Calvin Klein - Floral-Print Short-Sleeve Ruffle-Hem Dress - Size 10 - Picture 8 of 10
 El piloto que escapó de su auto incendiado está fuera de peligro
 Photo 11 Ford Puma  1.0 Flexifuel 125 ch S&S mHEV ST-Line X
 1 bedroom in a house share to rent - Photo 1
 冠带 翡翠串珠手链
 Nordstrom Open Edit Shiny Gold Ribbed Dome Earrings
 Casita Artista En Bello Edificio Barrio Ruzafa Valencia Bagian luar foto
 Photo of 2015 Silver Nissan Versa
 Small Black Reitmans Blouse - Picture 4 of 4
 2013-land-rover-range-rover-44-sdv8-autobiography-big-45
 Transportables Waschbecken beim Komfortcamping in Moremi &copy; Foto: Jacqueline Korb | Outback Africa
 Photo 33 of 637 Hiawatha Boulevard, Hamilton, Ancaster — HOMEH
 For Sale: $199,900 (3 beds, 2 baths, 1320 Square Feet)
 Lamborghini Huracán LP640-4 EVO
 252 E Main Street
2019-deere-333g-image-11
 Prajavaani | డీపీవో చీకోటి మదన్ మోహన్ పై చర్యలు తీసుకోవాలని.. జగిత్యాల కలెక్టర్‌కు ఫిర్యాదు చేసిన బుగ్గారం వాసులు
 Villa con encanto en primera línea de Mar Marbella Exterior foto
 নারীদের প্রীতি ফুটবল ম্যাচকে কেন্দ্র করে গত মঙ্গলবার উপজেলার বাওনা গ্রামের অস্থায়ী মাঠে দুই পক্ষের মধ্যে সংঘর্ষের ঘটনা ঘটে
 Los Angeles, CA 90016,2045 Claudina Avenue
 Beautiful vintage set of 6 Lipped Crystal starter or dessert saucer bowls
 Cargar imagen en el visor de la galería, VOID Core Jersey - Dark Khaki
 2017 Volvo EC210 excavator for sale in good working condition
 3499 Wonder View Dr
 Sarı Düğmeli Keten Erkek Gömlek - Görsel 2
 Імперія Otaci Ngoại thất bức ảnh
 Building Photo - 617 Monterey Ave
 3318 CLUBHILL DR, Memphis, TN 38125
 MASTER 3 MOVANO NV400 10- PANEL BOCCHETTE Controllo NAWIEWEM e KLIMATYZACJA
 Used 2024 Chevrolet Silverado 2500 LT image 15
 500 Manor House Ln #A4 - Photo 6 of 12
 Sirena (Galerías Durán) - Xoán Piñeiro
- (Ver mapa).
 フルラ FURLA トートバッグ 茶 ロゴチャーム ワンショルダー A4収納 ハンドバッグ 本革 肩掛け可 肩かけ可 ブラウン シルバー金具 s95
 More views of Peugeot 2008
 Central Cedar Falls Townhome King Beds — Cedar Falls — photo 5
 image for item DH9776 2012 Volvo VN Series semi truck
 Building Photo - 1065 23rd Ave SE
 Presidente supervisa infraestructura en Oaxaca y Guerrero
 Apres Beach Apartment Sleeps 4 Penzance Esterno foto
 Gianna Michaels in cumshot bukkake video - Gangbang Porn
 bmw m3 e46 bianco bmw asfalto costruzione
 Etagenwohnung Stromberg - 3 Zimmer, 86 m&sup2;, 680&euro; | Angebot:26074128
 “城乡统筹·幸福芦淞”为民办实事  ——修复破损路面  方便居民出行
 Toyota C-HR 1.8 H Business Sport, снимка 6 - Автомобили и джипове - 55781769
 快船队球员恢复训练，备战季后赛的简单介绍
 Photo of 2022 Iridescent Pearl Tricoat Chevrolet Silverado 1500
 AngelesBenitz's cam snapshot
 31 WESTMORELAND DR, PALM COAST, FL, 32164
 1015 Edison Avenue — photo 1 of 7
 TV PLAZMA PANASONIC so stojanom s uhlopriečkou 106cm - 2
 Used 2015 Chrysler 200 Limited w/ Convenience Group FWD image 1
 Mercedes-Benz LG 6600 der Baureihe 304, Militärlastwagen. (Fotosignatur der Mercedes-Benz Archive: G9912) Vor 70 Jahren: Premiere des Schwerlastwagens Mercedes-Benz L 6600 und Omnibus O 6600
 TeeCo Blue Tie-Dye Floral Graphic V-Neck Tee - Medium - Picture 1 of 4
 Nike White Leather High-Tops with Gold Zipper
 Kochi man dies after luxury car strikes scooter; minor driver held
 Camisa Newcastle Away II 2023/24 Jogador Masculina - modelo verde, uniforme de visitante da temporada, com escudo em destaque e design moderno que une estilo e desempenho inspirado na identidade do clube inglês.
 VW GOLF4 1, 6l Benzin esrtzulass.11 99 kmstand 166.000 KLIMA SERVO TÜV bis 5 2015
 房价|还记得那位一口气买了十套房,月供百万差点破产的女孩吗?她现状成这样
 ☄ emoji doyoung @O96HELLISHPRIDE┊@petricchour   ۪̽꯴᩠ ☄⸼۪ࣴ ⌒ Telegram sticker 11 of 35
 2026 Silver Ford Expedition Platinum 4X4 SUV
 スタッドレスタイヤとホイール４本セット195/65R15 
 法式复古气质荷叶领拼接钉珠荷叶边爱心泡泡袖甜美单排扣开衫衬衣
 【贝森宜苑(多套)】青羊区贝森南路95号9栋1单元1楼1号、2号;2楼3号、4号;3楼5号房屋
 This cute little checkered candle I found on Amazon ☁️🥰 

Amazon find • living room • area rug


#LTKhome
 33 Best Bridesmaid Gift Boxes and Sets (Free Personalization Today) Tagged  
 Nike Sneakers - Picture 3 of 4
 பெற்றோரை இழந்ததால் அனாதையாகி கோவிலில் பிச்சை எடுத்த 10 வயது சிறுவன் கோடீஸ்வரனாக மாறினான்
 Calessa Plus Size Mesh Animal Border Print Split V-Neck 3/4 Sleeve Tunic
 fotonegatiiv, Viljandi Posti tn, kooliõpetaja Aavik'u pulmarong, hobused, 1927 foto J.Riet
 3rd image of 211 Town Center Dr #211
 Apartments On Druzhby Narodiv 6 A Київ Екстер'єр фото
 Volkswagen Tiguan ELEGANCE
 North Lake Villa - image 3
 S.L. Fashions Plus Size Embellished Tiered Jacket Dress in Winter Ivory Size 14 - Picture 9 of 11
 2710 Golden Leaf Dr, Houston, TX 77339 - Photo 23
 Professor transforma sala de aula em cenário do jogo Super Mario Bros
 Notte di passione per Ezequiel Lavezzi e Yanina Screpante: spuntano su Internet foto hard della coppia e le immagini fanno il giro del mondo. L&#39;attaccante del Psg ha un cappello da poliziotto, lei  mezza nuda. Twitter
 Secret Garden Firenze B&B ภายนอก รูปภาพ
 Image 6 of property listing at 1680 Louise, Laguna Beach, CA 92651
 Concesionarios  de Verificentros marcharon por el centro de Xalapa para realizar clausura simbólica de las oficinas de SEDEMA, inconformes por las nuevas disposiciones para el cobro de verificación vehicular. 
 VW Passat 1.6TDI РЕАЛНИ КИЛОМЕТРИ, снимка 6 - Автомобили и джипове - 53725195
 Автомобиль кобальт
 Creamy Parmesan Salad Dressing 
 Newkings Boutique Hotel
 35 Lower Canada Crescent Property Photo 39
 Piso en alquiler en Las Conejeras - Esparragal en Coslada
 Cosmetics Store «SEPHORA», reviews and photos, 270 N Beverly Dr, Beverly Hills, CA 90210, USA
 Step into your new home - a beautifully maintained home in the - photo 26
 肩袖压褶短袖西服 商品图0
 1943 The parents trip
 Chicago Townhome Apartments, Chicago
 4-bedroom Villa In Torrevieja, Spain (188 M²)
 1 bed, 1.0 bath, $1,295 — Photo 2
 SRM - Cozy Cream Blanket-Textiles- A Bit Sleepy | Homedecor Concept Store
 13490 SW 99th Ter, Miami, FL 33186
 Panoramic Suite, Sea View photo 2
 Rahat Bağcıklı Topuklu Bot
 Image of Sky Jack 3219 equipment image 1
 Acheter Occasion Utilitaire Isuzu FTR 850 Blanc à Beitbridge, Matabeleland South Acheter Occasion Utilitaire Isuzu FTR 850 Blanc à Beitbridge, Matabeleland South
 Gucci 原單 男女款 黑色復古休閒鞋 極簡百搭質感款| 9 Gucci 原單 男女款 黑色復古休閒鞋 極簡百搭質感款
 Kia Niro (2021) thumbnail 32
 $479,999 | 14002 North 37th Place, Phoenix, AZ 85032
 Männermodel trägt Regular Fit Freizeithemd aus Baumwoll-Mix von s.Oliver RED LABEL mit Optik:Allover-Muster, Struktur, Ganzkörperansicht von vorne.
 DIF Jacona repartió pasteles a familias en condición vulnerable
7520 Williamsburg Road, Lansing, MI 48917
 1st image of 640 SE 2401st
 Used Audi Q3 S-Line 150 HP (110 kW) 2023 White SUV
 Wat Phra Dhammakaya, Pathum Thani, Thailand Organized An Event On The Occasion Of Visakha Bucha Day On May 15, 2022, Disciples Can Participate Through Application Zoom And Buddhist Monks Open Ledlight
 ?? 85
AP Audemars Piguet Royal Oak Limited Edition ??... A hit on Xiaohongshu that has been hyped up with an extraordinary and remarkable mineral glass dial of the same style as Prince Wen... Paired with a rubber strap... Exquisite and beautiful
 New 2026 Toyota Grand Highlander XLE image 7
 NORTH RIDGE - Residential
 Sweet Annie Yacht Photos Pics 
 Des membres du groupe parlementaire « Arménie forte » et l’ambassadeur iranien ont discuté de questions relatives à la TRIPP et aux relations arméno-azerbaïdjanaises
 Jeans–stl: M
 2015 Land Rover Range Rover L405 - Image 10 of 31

■ TASK OBJECTIVE
Look above for the line with "North Lake Villa - image 3" and the line with "DIF Jacona repartió"; transcribe both and all lines in between, exactly, and nothing else.

■ ANSWER TO THIS TASK
 North Lake Villa - image 3
 S.L. Fashions Plus Size Embellished Tiered Jacket Dress in Winter Ivory Size 14 - Picture 9 of 11
 2710 Golden Leaf Dr, Houston, TX 77339 - Photo 23
 Professor transforma sala de aula em cenário do jogo Super Mario Bros
 Notte di passione per Ezequiel Lavezzi e Yanina Screpante: spuntano su Internet foto hard della coppia e le immagini fanno il giro del mondo. L&#39;attaccante del Psg ha un cappello da poliziotto, lei  mezza nuda. Twitter
 Secret Garden Firenze B&B ภายนอก รูปภาพ
 Image 6 of property listing at 1680 Louise, Laguna Beach, CA 92651
 Concesionarios  de Verificentros marcharon por el centro de Xalapa para realizar clausura simbólica de las oficinas de SEDEMA, inconformes por las nuevas disposiciones para el cobro de verificación vehicular. 
 VW Passat 1.6TDI РЕАЛНИ КИЛОМЕТРИ, снимка 6 - Автомобили и джипове - 53725195
 Автомобиль кобальт
 Creamy Parmesan Salad Dressing 
 Newkings Boutique Hotel
 35 Lower Canada Crescent Property Photo 39
 Piso en alquiler en Las Conejeras - Esparragal en Coslada
 Cosmetics Store «SEPHORA», reviews and photos, 270 N Beverly Dr, Beverly Hills, CA 90210, USA
 Step into your new home - a beautifully maintained home in the - photo 26
 肩袖压褶短袖西服 商品图0
 1943 The parents trip
 Chicago Townhome Apartments, Chicago
 4-bedroom Villa In Torrevieja, Spain (188 M²)
 1 bed, 1.0 bath, $1,295 — Photo 2
 SRM - Cozy Cream Blanket-Textiles- A Bit Sleepy | Homedecor Concept Store
 13490 SW 99th Ter, Miami, FL 33186
 Panoramic Suite, Sea View photo 2
 Rahat Bağcıklı Topuklu Bot
 Image of Sky Jack 3219 equipment image 1
 Acheter Occasion Utilitaire Isuzu FTR 850 Blanc à Beitbridge, Matabeleland South Acheter Occasion Utilitaire Isuzu FTR 850 Blanc à Beitbridge, Matabeleland South
 Gucci 原單 男女款 黑色復古休閒鞋 極簡百搭質感款| 9 Gucci 原單 男女款 黑色復古休閒鞋 極簡百搭質感款
 Kia Niro (2021) thumbnail 32
 $479,999 | 14002 North 37th Place, Phoenix, AZ 85032
 Männermodel trägt Regular Fit Freizeithemd aus Baumwoll-Mix von s.Oliver RED LABEL mit Optik:Allover-Muster, Struktur, Ganzkörperansicht von vorne.
 DIF Jacona repartió pasteles a familias en condición vulnerable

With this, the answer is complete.